En outre, le rapport du procureur a également souligné la possible commission du même délit par le ou les auteurs de la zone de durabilité de la Junta de Extremadura, qui ont publié en juin 2022 un rapport qui a également donné son approbation à l'usine malgré ses effets sur le réseau Natura 2000, le système européen de protection de la nature.
Mais l'affaire risque désormais sérieusement d'aboutir à un échec en raison du retard dans l'application de la prolongation des investigations par l'enquêteur. Comme l’a rappelé le procureur dans sa lettre de septembre, « la période d’enquête initiale étant expirée, à compter du 22 juillet 2025, il n’y a pas de possibilité de prolongation, qui doit être convenue avant la fin de la période ». Et il a cité un arrêt récent de la Cour suprême dans lequel il est prévenu que « l’acte d’accusation après la clôture de l’enquête n’est pas constitutionnellement valide dans la mesure où il empêche la personne faisant l’objet de l’enquête d’apparaître comme partie à la phase d’enquête et de pouvoir y participer ».
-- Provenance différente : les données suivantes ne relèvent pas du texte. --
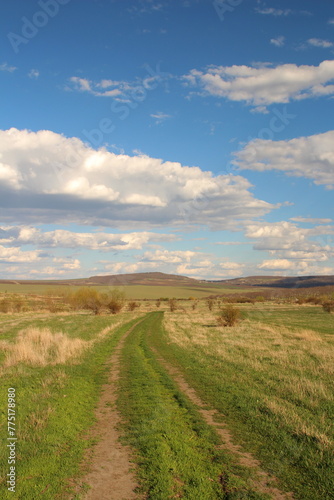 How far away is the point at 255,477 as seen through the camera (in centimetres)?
591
Le juge Peinado est sous le feu des médias pour son enquête également controversée sur le cas de l'épouse de Pedro Sánchez, dans lequel il a déjà été rectifié à plusieurs reprises par le Tribunal provincial de Madrid. Mais le président du Tribunal d'Instruction 41 de Madrid a également commis des erreurs qui ont conduit au dépôt d'autres dossiers. C'est ce qui s'est produit avec un prétendu détournement de fonds publics qu'aurait subi le gestionnaire des bus de Madrid, Alfonso Sánchez Vicente, en faveur du numérique.
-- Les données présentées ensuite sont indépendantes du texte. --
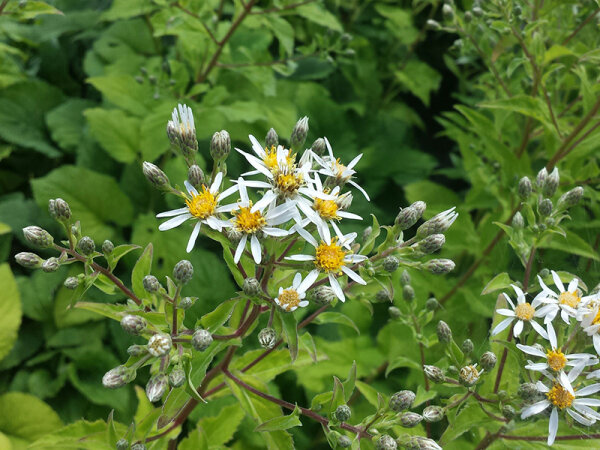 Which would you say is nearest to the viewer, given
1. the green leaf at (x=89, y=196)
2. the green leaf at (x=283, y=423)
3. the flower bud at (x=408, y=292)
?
the green leaf at (x=283, y=423)

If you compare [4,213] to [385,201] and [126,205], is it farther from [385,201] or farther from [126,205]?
[385,201]

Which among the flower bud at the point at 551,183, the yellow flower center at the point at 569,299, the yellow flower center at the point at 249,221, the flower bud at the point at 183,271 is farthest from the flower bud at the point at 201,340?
the flower bud at the point at 551,183

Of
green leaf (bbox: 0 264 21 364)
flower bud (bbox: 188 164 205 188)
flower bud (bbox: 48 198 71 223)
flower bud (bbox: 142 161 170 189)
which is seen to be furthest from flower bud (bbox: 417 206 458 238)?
green leaf (bbox: 0 264 21 364)

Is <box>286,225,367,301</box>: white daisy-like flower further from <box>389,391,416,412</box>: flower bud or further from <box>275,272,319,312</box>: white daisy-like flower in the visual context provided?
<box>389,391,416,412</box>: flower bud

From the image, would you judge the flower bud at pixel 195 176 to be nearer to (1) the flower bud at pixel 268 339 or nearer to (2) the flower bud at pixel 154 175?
(2) the flower bud at pixel 154 175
Dans le cas de la centrale solaire de Cáceres, la plainte a été déposée dans cette province, mais a été transférée à Madrid car c'est là que se trouve le siège du ministère qui a délivré la déclaration d'impact environnemental. Et ce fut au tour de Peinado.
Le PP porte le « cas Forestalia » à Bruxelles
Le PP a soumis trois questions parlementaires à la Commission européenne sur le système de corruption environnementale lié à Forestalia. Les irrégularités enquêtées se sont produites lorsque Teresa Ribera, actuelle vice-présidente de la Commission, était ministre de la Transition écologique. C'est à cette époque que le haut fonctionnaire Eugenio Domínguez aurait reçu des commissions pour aider les projets Forestalia dans leur traitement environnemental. Le PP souhaite que la Commission enquête sur « d’éventuelles violations du droit de l’Union ».
Pendant ce temps, en Aragon, la CHA a annoncé qu'elle demanderait au Congrès la suspension de tous les projets Forestalia auxquels Domínguez a participé et qui ont reçu l'approbation du ministère.